▸ **WHAT THIS TASK INVOLVES**: Quote the data exactly, first line to the line containing "wineglass, potato wedges, spring", with no pictures.

Caption-style text data
◇ ◇ ◇ ◇ ◇ ◇ ◇

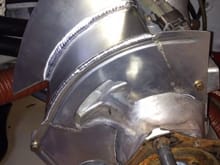Mounted to the hub. These pieces replace the factory heat shield. Air comes in and is directed to the hat of the rotor, allowing fresh air to go through the vanes, thus reducing overall disk temperature.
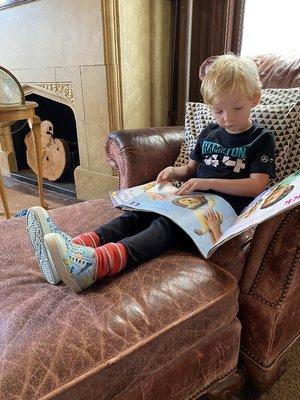 The historic library is one of several favorite reading spots in the school.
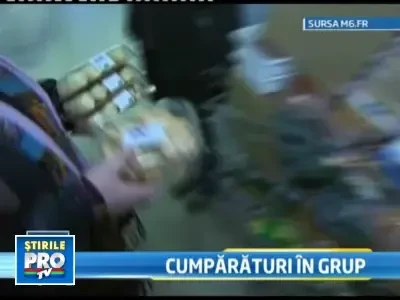 Pe vremuri de criza se poarta cumparaturile... in grup!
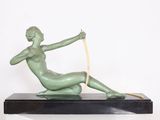 statue d'une femme assise sur un socle noir, tenant un ruban jaune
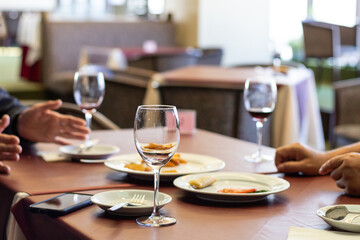 wineglass, potato wedges, spring rolls on a dark-red table at end of a party.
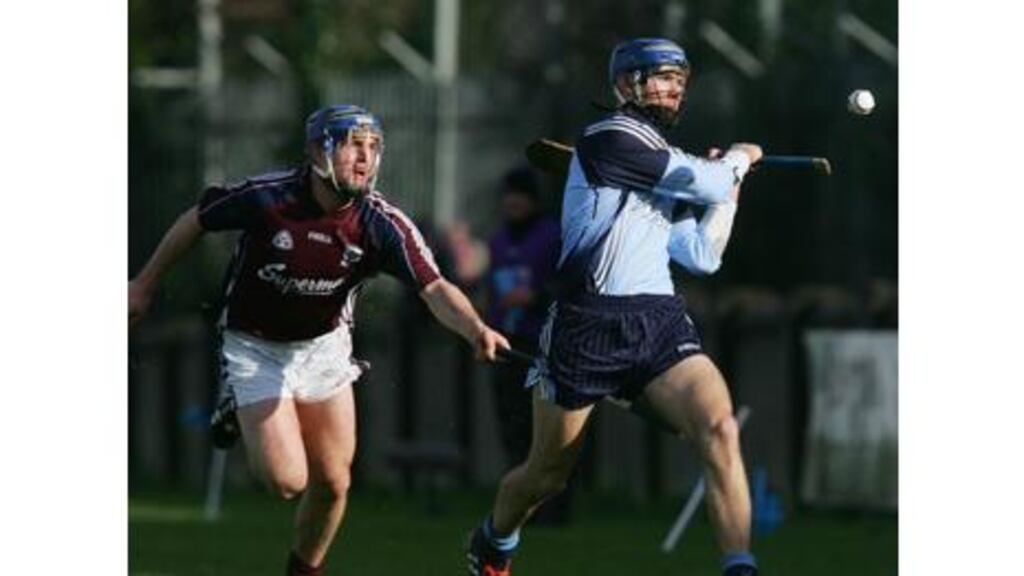 Dublin's Declan Qualter is pursued by Galway's David Forde
during yesterday's National Hurling League Division One B clash at
Parnell Park. Dublin won the encounter, 2-7 to 1-8. Photograph:
Bryan O'Brien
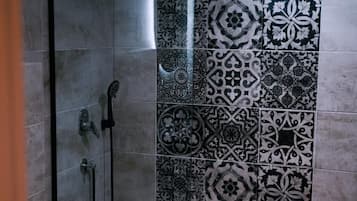 A shower with a glass door and a tiled wall with intricate patterns.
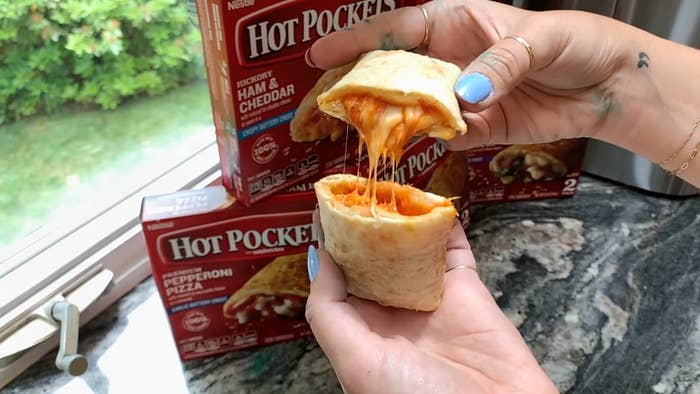 Woman pulling apart Hot Pocket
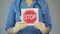 Stop sign in female physician hands, doctor warning about diseases, health care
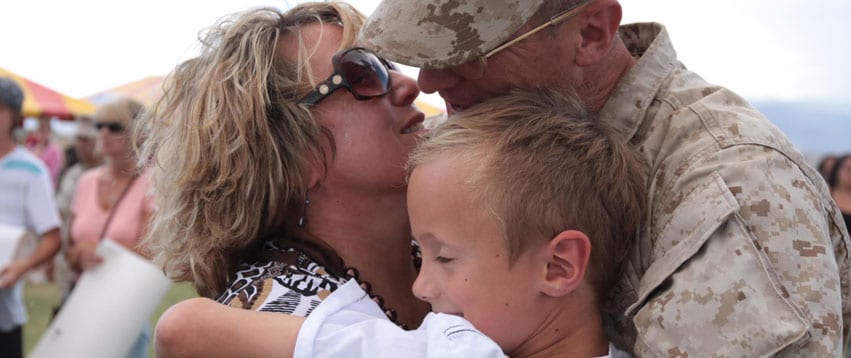 Military family hugging with child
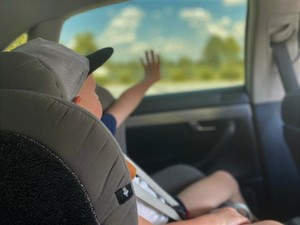dziecko w samochodzie, siedząc w foteliku wyciąga rączkę w kierunku okna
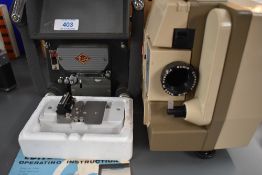 A Dia mond Super 8 editor, a K8 splicer, and a Eumig P8 projector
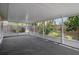 Spacious covered patio overlooking the backyard with lush greenery and privacy fence at 5814 Silver Moon Ave, Tampa, FL 33625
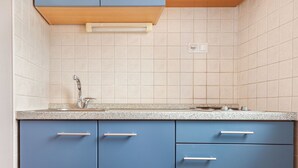 Una cocina con armarios azules, encimera de granito y grifo de acero inoxidable.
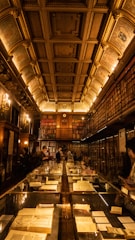 An ornate and historic library with a high, decorative ceiling illuminated by warm lighting. Shelves of books line both sides of the room, and glass display cases filled with antique books and manuscripts run down the center. People are quietly observing the exhibits.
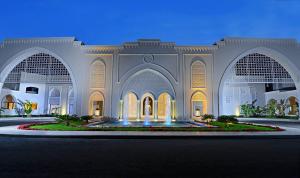 a large building with a fountain in front of it at Steigenberger Alcazar in Sharm El Sheikh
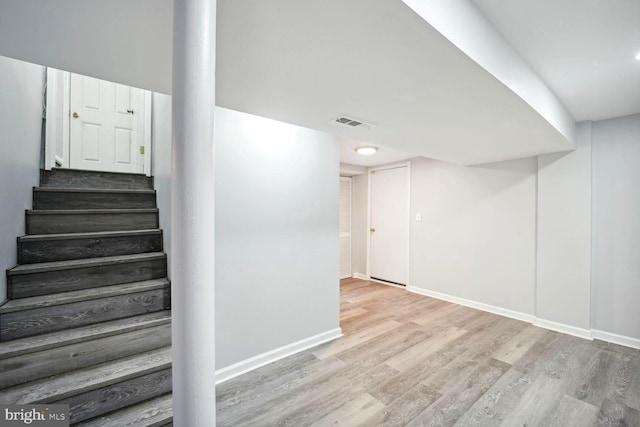 4112 Norcross St, Temple Hills, MD 20748 - stairs featuring visible vents, wood finished floors, and baseboards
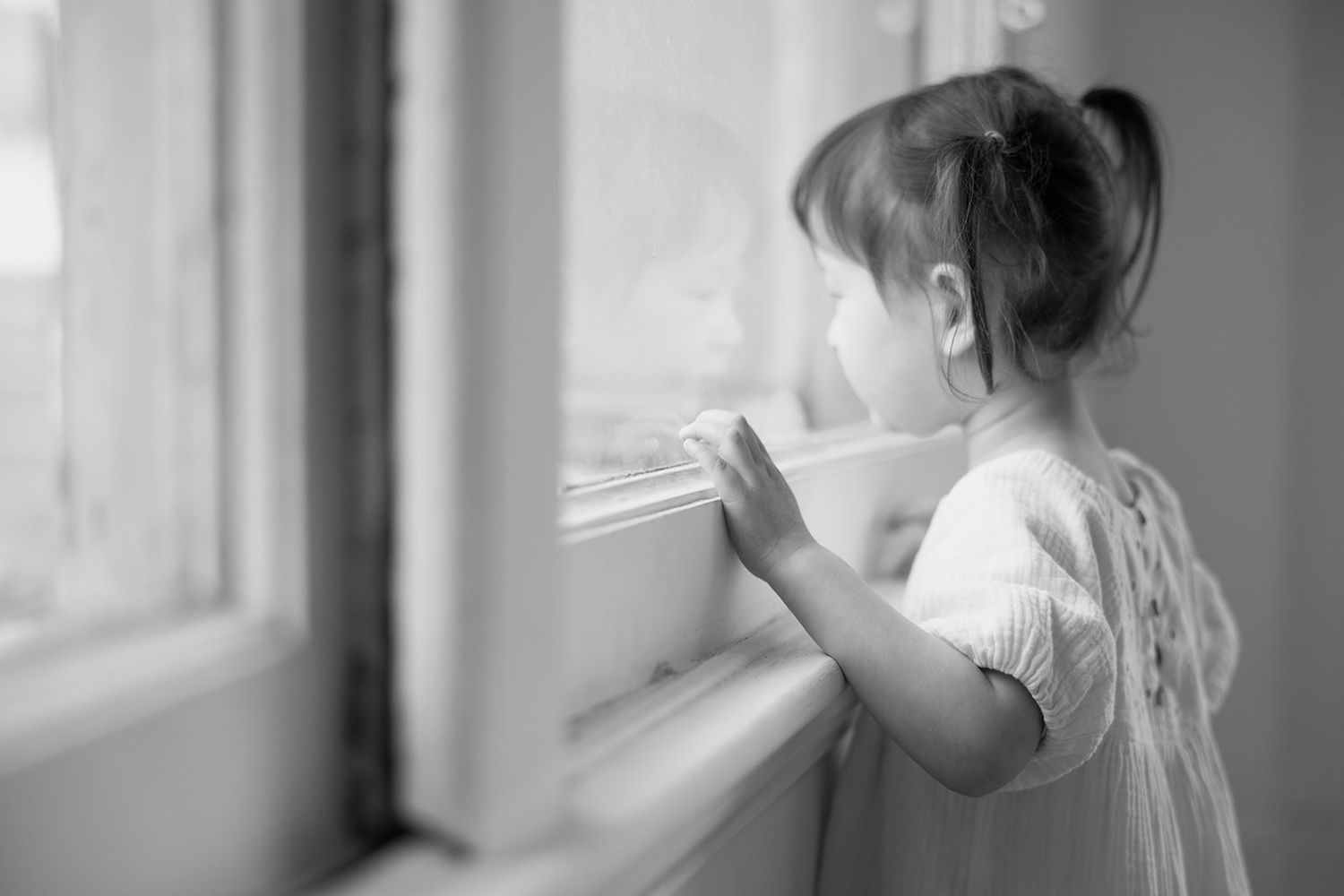 Young child looking through window with hands pressed against glass.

◇ ◇ ◇ ◇ ◇ ◇ ◇

▸ **ANSWER BOX**:
Mounted to the hub. These pieces replace the factory heat shield. Air comes in and is directed to the hat of the rotor, allowing fresh air to go through the vanes, thus reducing overall disk temperature.
 The historic library is one of several favorite reading spots in the school.
 Pe vremuri de criza se poarta cumparaturile... in grup!
 statue d'une femme assise sur un socle noir, tenant un ruban jaune
 wineglass, potato wedges, spring rolls on a dark-red table at end of a party.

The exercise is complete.